The two central classes are TarFile (the archive handle) and TarInfo (one member's metadata). ExFileObject is a file-like object that serves member data from the archive with sparse-file support. Compression is handled by wrapping the underlying stream in a GzipFile, BZ2File, or LZMAFile before passing it to TarFile.

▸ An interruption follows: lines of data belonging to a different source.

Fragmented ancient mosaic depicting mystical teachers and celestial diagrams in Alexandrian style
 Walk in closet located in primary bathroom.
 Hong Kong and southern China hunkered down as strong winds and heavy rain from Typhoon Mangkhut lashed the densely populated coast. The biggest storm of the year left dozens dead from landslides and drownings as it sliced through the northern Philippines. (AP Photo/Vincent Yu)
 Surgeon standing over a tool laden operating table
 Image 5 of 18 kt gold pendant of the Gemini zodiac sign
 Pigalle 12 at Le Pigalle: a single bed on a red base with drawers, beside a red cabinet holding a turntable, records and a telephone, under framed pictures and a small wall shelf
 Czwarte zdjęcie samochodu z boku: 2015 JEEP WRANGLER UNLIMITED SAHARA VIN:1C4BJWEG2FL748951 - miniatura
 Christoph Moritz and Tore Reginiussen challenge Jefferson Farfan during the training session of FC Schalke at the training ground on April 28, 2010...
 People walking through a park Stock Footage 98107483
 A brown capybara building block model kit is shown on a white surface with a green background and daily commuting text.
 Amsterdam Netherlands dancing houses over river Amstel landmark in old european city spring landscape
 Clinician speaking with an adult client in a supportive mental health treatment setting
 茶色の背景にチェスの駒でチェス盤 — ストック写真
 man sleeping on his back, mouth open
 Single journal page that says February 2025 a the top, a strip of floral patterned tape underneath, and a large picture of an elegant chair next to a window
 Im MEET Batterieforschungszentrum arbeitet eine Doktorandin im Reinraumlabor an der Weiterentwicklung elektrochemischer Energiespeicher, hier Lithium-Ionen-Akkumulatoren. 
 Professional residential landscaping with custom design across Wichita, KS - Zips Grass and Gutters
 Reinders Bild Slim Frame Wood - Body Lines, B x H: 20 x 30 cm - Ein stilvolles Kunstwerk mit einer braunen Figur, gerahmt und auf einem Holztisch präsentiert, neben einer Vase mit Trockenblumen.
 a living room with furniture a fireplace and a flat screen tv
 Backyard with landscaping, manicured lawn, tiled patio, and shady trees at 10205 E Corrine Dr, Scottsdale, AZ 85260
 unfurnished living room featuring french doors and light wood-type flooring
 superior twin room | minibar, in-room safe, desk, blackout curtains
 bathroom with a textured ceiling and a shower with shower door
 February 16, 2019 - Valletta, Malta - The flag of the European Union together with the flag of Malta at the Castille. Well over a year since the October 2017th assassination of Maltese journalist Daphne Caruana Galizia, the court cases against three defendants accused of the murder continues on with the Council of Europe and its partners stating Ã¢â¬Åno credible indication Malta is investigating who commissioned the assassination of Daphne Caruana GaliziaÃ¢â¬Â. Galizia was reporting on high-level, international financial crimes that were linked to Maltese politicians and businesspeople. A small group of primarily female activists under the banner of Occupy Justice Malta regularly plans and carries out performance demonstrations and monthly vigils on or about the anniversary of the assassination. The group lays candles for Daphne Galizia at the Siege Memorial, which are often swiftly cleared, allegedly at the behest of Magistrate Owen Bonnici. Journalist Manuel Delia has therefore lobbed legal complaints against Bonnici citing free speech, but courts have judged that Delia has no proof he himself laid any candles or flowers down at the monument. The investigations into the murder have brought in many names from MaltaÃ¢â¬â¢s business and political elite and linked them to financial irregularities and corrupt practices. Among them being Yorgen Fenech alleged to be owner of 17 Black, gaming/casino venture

Python 3.12 introduced the filter parameter to extractall and extract. The built-in filters ('fully_trusted', 'tar', 'data') apply progressively stricter security checks to extracted members, blocking absolute paths, .. components, and dangerous file types.

Map

LinesSymbolRolegopy
1-100Module constants, format flags, compression flagsUSTAR_FORMAT=0, GNU_FORMAT=1, PAX_FORMAT=2; ENCODING; REGTYPE, LNKTYPE, SYMTYPE, CHRTYPE, BLKTYPE, DIRTYPE, FIFOTYPE, CONTTYPE, GNUTYPE_*.(stdlib pending)
100-400TarFile.open, TarFile.__init__, format detectionopen is a class method dispatcher that looks up a _OPEN_METH entry and delegates to taropen, gzopen, bz2open, or xzopen; format detection reads the first 512-byte block.(stdlib pending)
400-900TarInfo, TarInfo.frombuf, TarInfo.tobuf, numeric encodingfrombuf parses a 512-byte POSIX header block; tobuf serializes one; nti/itn encode/decode octal numeric fields with overflow detection.(stdlib pending)
900-1500TarFile.add, TarFile.addfile, TarFile.gettarinfoadd walks a directory tree calling gettarinfo then addfile; addfile writes the header block and streams the data blocks; gettarinfo builds a TarInfo from os.stat.(stdlib pending)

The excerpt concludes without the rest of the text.